Nous terminons le festival avec en clôture, la projection du film « Saravah » de Pierre Barouh. Tourné au Brésil en 1969, une version restaurée cette année est proposée pour une diffusion 2024. Partenaire de l’association Ecran Village qui diffuse des films à Vernoux-en-Vivarais et à Lamastre, Cinezic propose une projection sur la commune de Saint-Jean Chambre. Cela permet une diffusion délocalisée sur la communauté de commune. Ce film dont le nom est également celui du label et d’une chanson de Pierre Barouh est un événement. Ressorti sur les écrans cette année, il était peu diffusé mais connu des amateurs de musiques. Le réalisateur, producteur, auteur, chanteur, acteur, promoteur et découvreur de talents nous plonge avec son documentaire dans les origines de la musique brésilienne. A l’aide de ses amis, Baden Powel, Paolinho da Viola ou Maria Bethânia, il nous fait découvrir la musique de cette époque au Brésil mais aussi de ses racines africaines. Ils explorent la Samba et la Bossa Nova issues du Candomblé, de la Macumba ou du Bérimbau. Baden Powel fait découvrir à son ami Pierre Barouh la dimension spirituelle de ces musiques traditionnelles originaires d’Afrique qui sont aussi des religions. Il précise que la musique brésilienne a intégré l’harmonie des musiques africaines, tandis que le jazz en a retenu la rythmique. Ils vont à la rencontre des fondateurs des musiques brésiliennes comme Joào da Baiana et Pixinguinha. Les témoignages de ces anciens qui démontrent les rythmes traditionnels comme les jam des musiciens de Bossa Nova et de Samba font la richesse de ce documentaire et sa valeur historique. La matinée se termine en musique live avec la Fanfare Zigomaclik de Romans-sur-Isère. Elle nous propose une musique festive de reprises et de chansons durant un apéritif de clôture.
Prêt pour la préparation de sa dixième édition en 2025, Cinezic est un festival convivial qui partage le sens de la fête.

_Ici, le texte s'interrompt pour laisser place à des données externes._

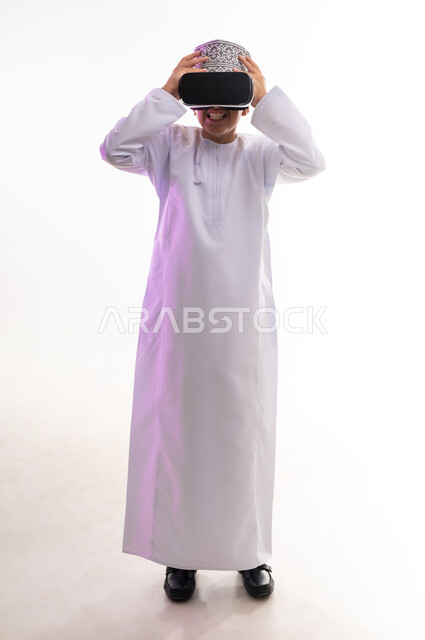 المتعة والتسلية بالمشاهدة عبر نظارة الواقع الافتراضي، التطور التقني والتكنولوجي,  بورتريه لولد عربي خليجي عماني يرتدي الدشداشه والكمه ينظر من خلال نظارات ثلاثية الأبعاد (الفي ار), الاندماج ومحاكاة العالم الخيالي والنظر الى الافلام الواقعيه، الجسم بالطول الكامل، خلفيه بيضاء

D’ailleurs, l’affiche de cette édition indique : « Mise en scène : Une bande de potes », et c’est bien le sentiment que l’on ressent avec l’énergie et l’enthousiasme des membres de l’association qui organisent cette manifestation. Le festival diffuse une programmation de qualité qui soutient toutes les musiques avec les nombreuses pépites cinématographiques qui sont parfois rares à l’écran comme celles de cette année.